Have you ever wondered what to do with this big intimidating vegetable? Truthfully, until last year I didn’t even know what it was. I have now come to love this funky looking thing. It’s so tasty however you choose to prepare it. Here we will do a combo of roasting and boiling. The apple adds a sweet quality to the squash without adding artificial sugar and the onion and garlic give it a kick. It’s a perfect meal for these colder months, easy and super healthy!

Did you know that just beneath the layers of our butternut squash are tons of beauty and health benefits? The beautiful orange hue is a big indication of goodness. Very low in fat, high in fiber and fully loaded with beta-carotene, this squash packs your entire daily recommended dose of vitamin C in to one cup. Butternut squash is also very high in anti-oxidants and has the power to lower our body’s inflammation level.  All things to keep us fit and beautiful!


What you need:

1-2 butternut squash (peeled, seeds removed, and cut in to 1 inch squares)

1 yellow onion

3 cloves of garlic

3 carrots (cleaned, and cut in to 1 inch pieces)

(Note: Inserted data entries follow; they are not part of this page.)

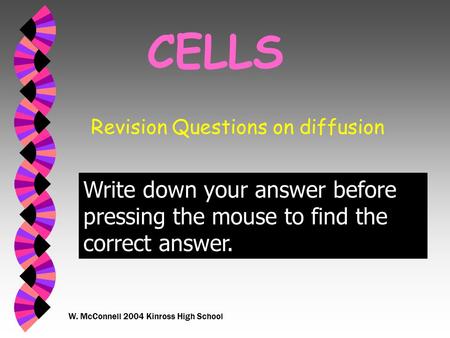 W. McConnell 2004 Kinross High School CELLS Revision Questions on diffusion Write down your answer before pressing the mouse to find the correct answer.
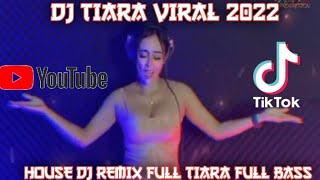 Dj TIARA VIRAL TIKTOK 2022  Dj musik Tiara full musik remix full bass  dj biddy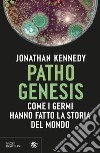 Pathogenesis (edizione italiana): Come i germi hanno fatto la storia del mondo. E-book. Formato EPUB ebook di Jonathan Kennedy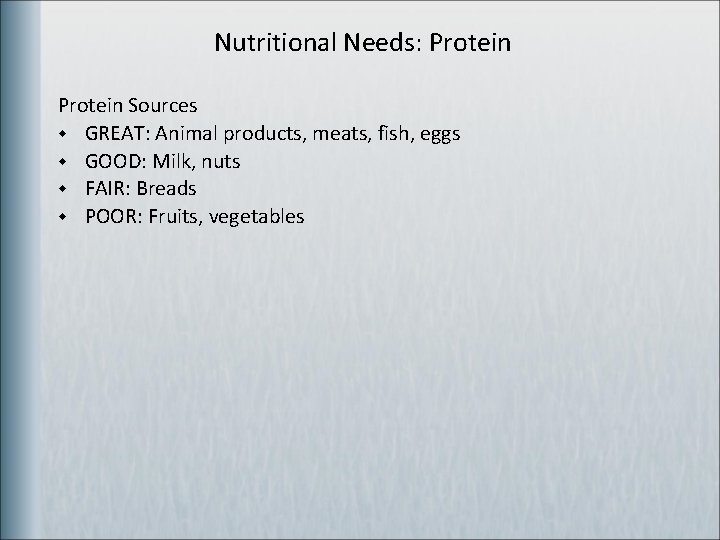 Nutritional Needs: Protein Sources w GREAT: Animal products, meats, fish, eggs w GOOD: Milk,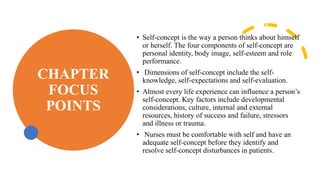 CHAPTER
FOCUS
POINTS
• Self-concept is the way a person thinks about himself
or herself. The four components of self-concept are
personal identity, body image, self-esteem and role
performance.
• Dimensions of self-concept include the self-
knowledge, self-expectations and self-evaluation.
• Almost every life experience can influence a person’s
self-concept. Key factors include developmental
considerations, culture, internal and external
resources, history of success and failure, stressors
and illness or trauma.
• Nurses must be comfortable with self and have an
adequate self-concept before they identify and
resolve self-concept disturbances in patients.
 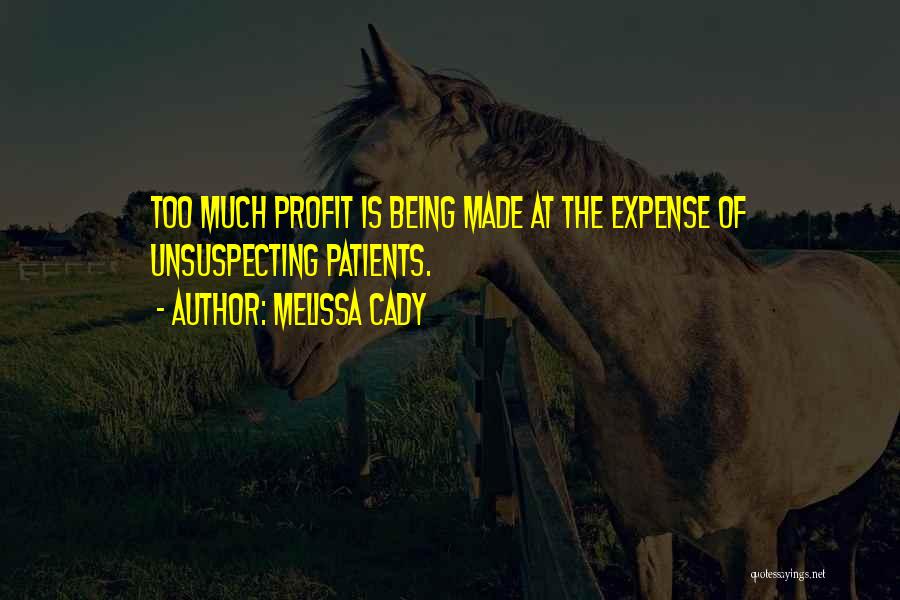 Melissa Cady Quotes: Too Much Profit Is Being Made At The Expense Of Unsuspecting Patients.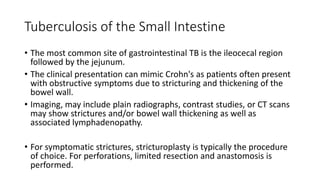 Tuberculosis of the Small Intestine
• The most common site of gastrointestinal TB is the ileocecal region
followed by the jejunum.
• The clinical presentation can mimic Crohn's as patients often present
with obstructive symptoms due to stricturing and thickening of the
bowel wall.
• Imaging, may include plain radiographs, contrast studies, or CT scans
may show strictures and/or bowel wall thickening as well as
associated lymphadenopathy.
• For symptomatic strictures, stricturoplasty is typically the procedure
of choice. For perforations, limited resection and anastomosis is
performed.
 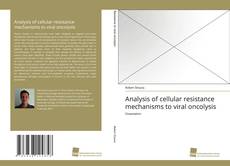 Portada del libro de Analysis of cellular resistance mechanisms to viral oncolysis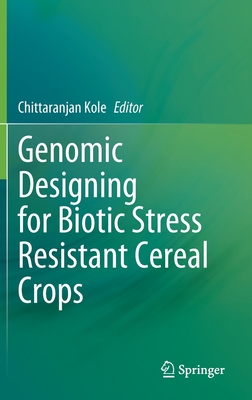 【预订】Genomic Designing for Biotic Stress Resistant Cereal Crops 9783030758783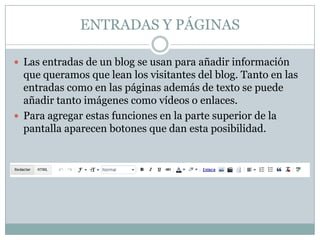 ENTRADAS Y PÁGINAS

 Las entradas de un blog se usan para añadir información
  que queramos que lean los visitantes del blog. Tanto en las
  entradas como en las páginas además de texto se puede
  añadir tanto imágenes como vídeos o enlaces.
 Para agregar estas funciones en la parte superior de la
  pantalla aparecen botones que dan esta posibilidad.
 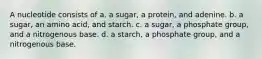 A nucleotide consists of a. a sugar, a protein, and adenine. b. a sugar, an amino acid, and starch. c. a sugar, a phosphate group, and a nitrogenous base. d. a starch, a phosphate group, and a nitrogenous base.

2 apples (again with the pieces..)

2 cups of low sodium vegetable broth

3 cups of water

A handful of fresh herbs (rosemary, thyme, sage)

1 tablespoon of sea salt & 1 tablespoon of black pepper

1 teaspoon of nutmeg

A hand blender (if you don’t have one it’s a great tool! You can also use the vitamix or a blender)


Fresh rosemary, straight out of my mama’s garden…

How To:

Pre-heat oven to 400 degrees, place squash in till soft (about 40 mins)

In a large stock pot, 1 cup of vegetable stock, 2 cups of water, onion, garlic, apple, carrot and bring to a boil

Once squash is finished add it to the pot, using your hand blender slowly add remaining stock and water while blending. Add your herbs.